$0 Rhode Island Homeschool Quick-Start Checklist

How to Start Homeschooling in Rhode Island

Rhode Island is one of the few states where you cannot simply withdraw your child from school and start teaching at home. The state requires formal approval from your local school committee before your homeschool is considered legal. That one word — approval — trips up thousands of RI families every year.

The good news: with the right paperwork, the right timing, and a clear understanding of what the school committee is actually evaluating, most families sail through the process without problems.

Is Homeschooling Legal in Rhode Island?

Yes, homeschooling is fully legal in Rhode Island. It is authorized under Rhode Island General Laws §16-19-1 through §16-19-3, which establish a formal exemption from compulsory attendance for children receiving approved at-home instruction.

Rhode Island's compulsory attendance ages run from 6 to 18. If your child falls within that range, they are required to either attend a public or approved private school — or have their home instruction formally approved by your local school committee.

Rhode Island's homeschool population has exploded since 2020. Pre-pandemic, roughly 0.8% of K-12 students were homeschooled statewide. That number jumped to approximately 5.3% after 2020 — a 60%+ increase — and has remained elevated. School committees across the state have become more familiar with processing these requests, which generally works in families' favor.

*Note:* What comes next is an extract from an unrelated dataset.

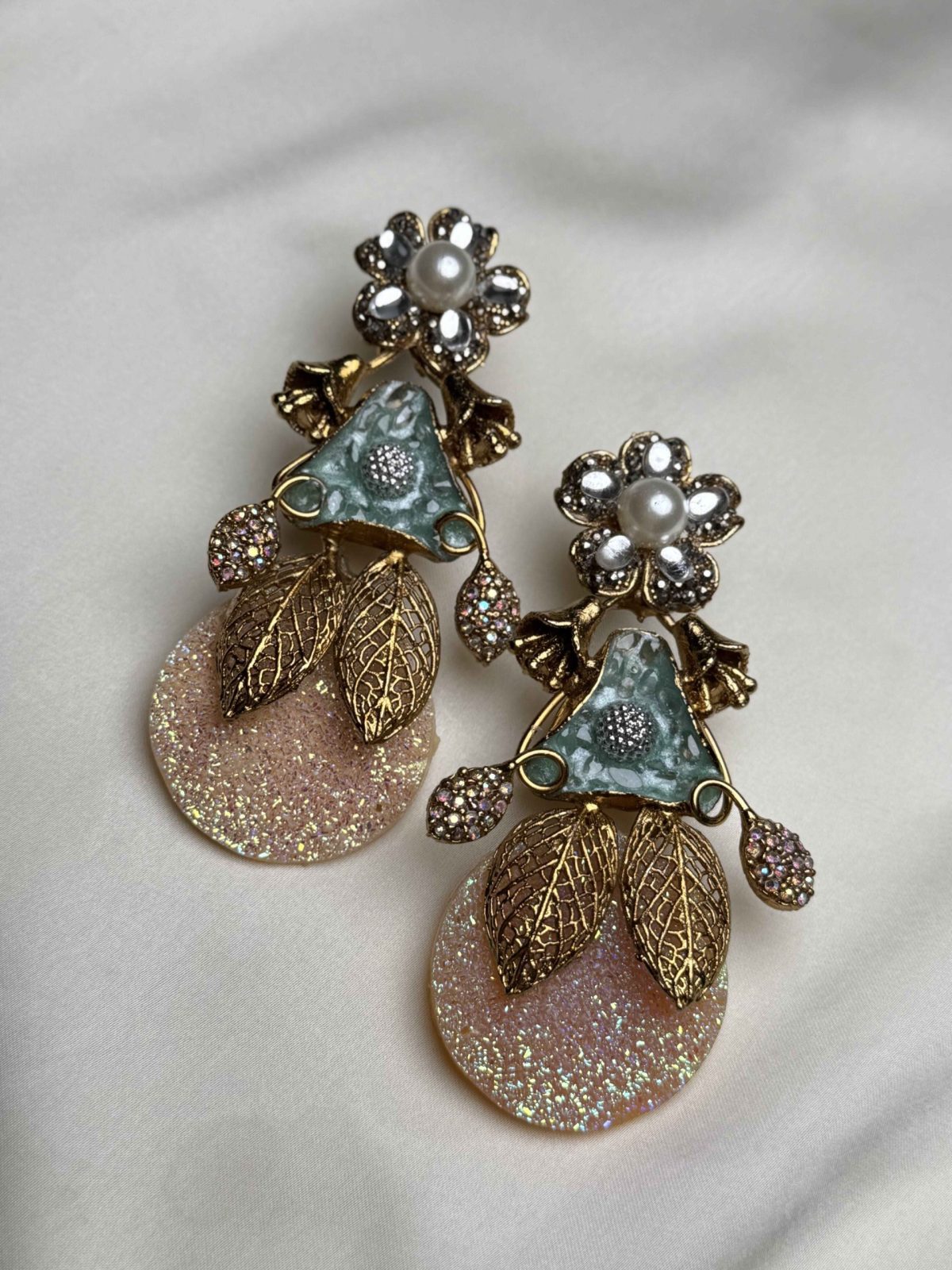 Pixie Bloom Crystal & Pearl Drop Earrings in Sea Green - Jewelist.pk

What the Law Actually Requires

Under RIGL §16-19-2, school committees evaluate whether your proposed home instruction is "substantially equal" to public school education. This means meeting three broad standards:

1. Attendance equivalent to 180 days per school year. You need a system for tracking attendance and presenting that record to the committee. A simple daily log works.

2. Instruction in all required subjects. Rhode Island mandates: reading, writing, geography, arithmetic, United States history, Rhode Island history, American government, health, and physical education. English language instruction is required. You don't need to run a separate "PE class" — active time that you document counts.

3. "Thorough and efficient" instruction. This is the vague catch-all that gives some school committees room to apply extra scrutiny. What it actually means in practice is that you should be able to show a reasonable curriculum plan covering the required subjects.

No teaching certificate is required. No specific curriculum is mandated. You're evaluated on the plan, not on your credentials.

Step-by-Step: Getting Approved

Step 1: Identify your school committee. Rhode Island has 36 school committees — one per district. The committee that oversees the public school your child would otherwise attend is the one you submit to. If you've never enrolled your child in RI public schools, it's the district where you live.

Step 2: Write a Letter of Intent (LOI). Your LOI formally notifies the committee that you intend to provide home instruction. Include your child's name, grade level, the subjects you plan to cover, your intended start date, and a brief description of how you'll document attendance. Some districts have a template; most do not.

Step 3: Submit your application package. Along with the LOI, you'll typically need a curriculum outline. This doesn't need to be elaborate — a one-page summary per subject, or a description of a boxed curriculum you're using, is sufficient. Some districts request sample materials or a schedule. Check your district's specific requirements, because they vary significantly.

Step 4: Wait for the school committee vote. Most school committees meet monthly. Your application needs to appear on the agenda, which means there's a gap between submission and approval. During this period, you are not yet legally homeschooling. For families withdrawing mid-year, this gap is real and can create stress.

Step 5: Begin instruction upon LOI submission, not upon approval. This is the practical advice that the ENRICHri homeschool organization gives to RI families: start your homeschool as soon as you've submitted your LOI. The approval is retroactive in most cases, and waiting for the committee vote before starting means your child sits in educational limbo for up to 4 weeks.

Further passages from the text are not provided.